Friday, 17 April 2015

How do supermarkets compete?

In the previous post I wrote up the results of the Electricity Authority's latest survey of competition in various industries: supermarkets came out tops in terms of people's assessment of whether they are getting a competitive deal from businesses they deal with. While it wasn't a full economy-wide survey, and maybe there are unsurveyed sectors that would have shown up better than the supermarkets, it was nonetheless very interesting that people feel they are getting a fair deal from supermarkets vying for their custom, and all the more so because there have been concerns about a potential duopolistic shakedown.

As it happens, I just came across another new survey which tells us in more detail what people value from supermarkets (it's Australian, but I'd suggest it's equally applicable here). It comes from Roy Morgan Research's 'Single Source' surveys, which are very large scale: this supermarket one had close to 16,000 respondents, all interviewed face to face. The press release is here (the full thing costs serious $, which is fair enough given the scale and value of the exercise).

Here's the core result, where we can see the various dimensions across which supermarkets compete, and which ones most press consumers' buttons.

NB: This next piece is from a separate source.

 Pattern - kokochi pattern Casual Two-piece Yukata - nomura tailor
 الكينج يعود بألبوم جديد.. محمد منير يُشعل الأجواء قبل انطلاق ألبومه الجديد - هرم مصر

Before seeing these results, I'd have guessed that some dimension of all-in-one convenience would have topped the list, supermarkets being (you'd think) the classic economies of scope/minimise transactions cost model, but I'd have been wrong. There are, to be sure, some convenience dimensions in the most valued characteristics of a supermarket. And there are some price/value dimensions, too, which you'd also expect to be high up the list. But the surprise packet - for me - was the very high ranking of quality, with 'high standards of food safety', 'hygienically prepared food', 'good quality' fruit and veg and 'clean and tidy' taking four of the top nine spots, including the top one itself.

Apart from its intrinsic interest, and the insight it gives into the real nature of the supermarkets' value proposition (and, I'd guess, a glimpse of their likely strategic thinking), it's a good reminder that competition is more than competition on price. Sure, most of us involved in thinking about competition have taken the idea on board, most of the time, and there's even an acronym SPQR (Service, Price, Quality, Range) that people sometimes deploy to make sure they've got all the potential bases of competitive rivalry covered. But it's nonetheless easy to lapse into using price as a proxy for everything. In some lines of business, and supermarkets are clearly one, that could lead you badly astray, and in several directions. You could easily assume there is less competition that there actually is. And, if rivalry diminished on one of those non-price dimensions, you could easily miss that, too.